Russian money hidden in British assets and laundered through City of London financial institutions damages the UK government’s efforts to take a tough stance against Moscow’s aggressive foreign policy, a committee of British lawmakers said yesterday.
Britain’s financial center has been a major beneficiary of the massive flight of Russian cash since the 1991 fall of the Soviet Union, and London remains the Western capital of choice for oligarchs and Russian officials who flaunt their wealth across Europe.
However, the UK has led an international diplomatic backlash against Russia following the poisoning of Russian former spy Sergei Skripal in the English city of Salisbury — an attack that the government blames on the Kremlin. Moscow has denied any involvement in the incident.

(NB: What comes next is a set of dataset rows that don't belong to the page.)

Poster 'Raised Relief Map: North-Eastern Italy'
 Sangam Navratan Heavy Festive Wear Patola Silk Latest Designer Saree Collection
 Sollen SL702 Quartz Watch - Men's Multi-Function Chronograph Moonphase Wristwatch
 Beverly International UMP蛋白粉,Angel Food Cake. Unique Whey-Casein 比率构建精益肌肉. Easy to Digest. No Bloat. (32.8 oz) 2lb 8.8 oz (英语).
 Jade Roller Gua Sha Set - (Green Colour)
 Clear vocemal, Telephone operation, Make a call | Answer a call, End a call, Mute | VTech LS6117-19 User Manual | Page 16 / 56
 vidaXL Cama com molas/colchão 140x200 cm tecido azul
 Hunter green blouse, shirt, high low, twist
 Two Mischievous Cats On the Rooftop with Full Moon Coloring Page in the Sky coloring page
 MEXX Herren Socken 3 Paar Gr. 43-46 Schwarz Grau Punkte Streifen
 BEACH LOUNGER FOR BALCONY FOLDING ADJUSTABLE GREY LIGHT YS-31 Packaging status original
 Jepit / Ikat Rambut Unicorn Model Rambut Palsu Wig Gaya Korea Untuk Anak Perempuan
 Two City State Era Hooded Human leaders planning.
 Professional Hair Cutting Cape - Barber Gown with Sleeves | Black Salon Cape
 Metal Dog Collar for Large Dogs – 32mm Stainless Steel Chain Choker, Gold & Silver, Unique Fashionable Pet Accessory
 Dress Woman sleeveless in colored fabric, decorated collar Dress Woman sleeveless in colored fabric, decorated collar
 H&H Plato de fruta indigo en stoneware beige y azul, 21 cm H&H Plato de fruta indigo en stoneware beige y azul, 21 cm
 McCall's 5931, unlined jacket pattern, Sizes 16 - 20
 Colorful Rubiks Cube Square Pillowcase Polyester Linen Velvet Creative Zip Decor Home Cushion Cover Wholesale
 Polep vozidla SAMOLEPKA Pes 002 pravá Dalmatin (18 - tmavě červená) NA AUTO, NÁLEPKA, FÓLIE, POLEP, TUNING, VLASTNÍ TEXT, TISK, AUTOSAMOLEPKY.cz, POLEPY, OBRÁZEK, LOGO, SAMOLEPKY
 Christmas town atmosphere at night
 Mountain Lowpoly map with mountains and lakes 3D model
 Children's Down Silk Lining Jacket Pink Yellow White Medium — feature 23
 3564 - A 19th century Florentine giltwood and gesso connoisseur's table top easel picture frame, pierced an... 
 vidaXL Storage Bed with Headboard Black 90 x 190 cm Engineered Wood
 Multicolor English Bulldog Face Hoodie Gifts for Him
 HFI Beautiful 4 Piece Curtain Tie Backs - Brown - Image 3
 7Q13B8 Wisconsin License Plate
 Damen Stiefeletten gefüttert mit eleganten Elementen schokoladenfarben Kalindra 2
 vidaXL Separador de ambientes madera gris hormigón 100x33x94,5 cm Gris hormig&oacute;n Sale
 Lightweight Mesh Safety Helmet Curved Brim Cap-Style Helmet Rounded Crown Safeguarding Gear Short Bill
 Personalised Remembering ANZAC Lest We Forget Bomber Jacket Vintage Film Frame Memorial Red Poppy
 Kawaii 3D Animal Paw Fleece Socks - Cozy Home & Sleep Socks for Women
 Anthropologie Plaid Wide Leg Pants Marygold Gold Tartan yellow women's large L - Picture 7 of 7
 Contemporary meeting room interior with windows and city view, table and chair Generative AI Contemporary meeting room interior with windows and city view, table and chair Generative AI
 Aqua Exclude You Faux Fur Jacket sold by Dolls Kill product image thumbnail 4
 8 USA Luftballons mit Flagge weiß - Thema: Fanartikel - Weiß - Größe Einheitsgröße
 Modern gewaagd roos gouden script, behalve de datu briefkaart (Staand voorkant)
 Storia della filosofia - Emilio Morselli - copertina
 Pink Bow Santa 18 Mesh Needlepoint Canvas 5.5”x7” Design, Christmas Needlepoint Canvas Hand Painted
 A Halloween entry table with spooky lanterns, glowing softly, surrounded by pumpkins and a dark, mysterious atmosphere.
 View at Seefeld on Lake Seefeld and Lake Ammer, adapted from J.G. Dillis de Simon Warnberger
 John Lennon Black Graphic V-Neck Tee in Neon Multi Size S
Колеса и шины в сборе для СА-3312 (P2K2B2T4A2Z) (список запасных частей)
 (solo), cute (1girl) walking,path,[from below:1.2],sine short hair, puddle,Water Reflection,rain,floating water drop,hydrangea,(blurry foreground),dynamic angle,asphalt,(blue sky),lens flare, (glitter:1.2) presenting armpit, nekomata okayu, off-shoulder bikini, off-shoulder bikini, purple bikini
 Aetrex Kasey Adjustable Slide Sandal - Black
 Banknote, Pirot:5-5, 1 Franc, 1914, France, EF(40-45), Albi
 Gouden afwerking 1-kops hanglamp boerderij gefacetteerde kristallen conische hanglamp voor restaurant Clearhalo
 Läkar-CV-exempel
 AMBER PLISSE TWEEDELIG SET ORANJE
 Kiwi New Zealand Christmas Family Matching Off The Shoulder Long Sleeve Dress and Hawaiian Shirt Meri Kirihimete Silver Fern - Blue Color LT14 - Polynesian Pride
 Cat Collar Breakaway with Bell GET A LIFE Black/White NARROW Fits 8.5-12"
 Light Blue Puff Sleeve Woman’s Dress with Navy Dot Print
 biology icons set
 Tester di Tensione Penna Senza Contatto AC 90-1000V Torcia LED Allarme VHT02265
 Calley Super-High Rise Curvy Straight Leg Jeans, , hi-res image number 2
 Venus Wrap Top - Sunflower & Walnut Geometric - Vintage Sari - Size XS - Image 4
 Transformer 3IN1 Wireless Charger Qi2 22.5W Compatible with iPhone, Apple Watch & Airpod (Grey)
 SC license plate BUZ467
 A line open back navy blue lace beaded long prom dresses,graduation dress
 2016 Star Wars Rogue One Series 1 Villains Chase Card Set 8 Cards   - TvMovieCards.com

A report by the UK House of Commons Foreign Affairs Select Committee said that Russian money is undermining UK criticism of the Kremlin and supporting what it called a campaign by Russian President Vladimir Putin “to subvert the international rules-based system.”
“The scale of damage that this ‘dirty money’ can do to UK foreign policy interests dwarfs the benefit of Russian transactions in the City,” committee chairman Tom Tugendhat said.
“There is no excuse for the UK to turn a blind eye as President Putin’s kleptocrats and human rights abusers use money laundered through London to corrupt our friends, weaken our alliances and erode faith in our institutions,” he said.
Among its recommendations, the committee said that the UK should work with international allies to make it more difficult for Russia to issue sovereign bonds, which are not subject to sanctions, via banks that are sanctioned — a practice that the report said undermines efforts to reign in Russian behavior .
Russia has been accused of interfering in the 2016 US presidential election and executing a series of cyberattacks around the world. It has denied both.
In April, the US imposed major sanctions against 24 Russians, striking at allies of Putin in an aggressive move to punish Moscow for its alleged meddling.
The British National Crime Agency this month said that potentially hundreds of billions of Great British pounds of money-laundering impacts the UK each year and that it is a prime destination for Russians looking to legitimize the proceeds of corruption.
“The use of London as a base for the corrupt assets of Kremlin-connected individuals is now clearly linked to a wider Russian strategy and has implications for our national security,” the committee report said.
After convincing dozens of countries, including the US, to expel Russian diplomats in response to the use in March of a nerve agent on British soil, the UK has promised further measures to tighten sanctions against Russians.
“The size of London’s financial markets and their importance to Russian investors gives the UK considerable leverage over the Kremlin,” the report said.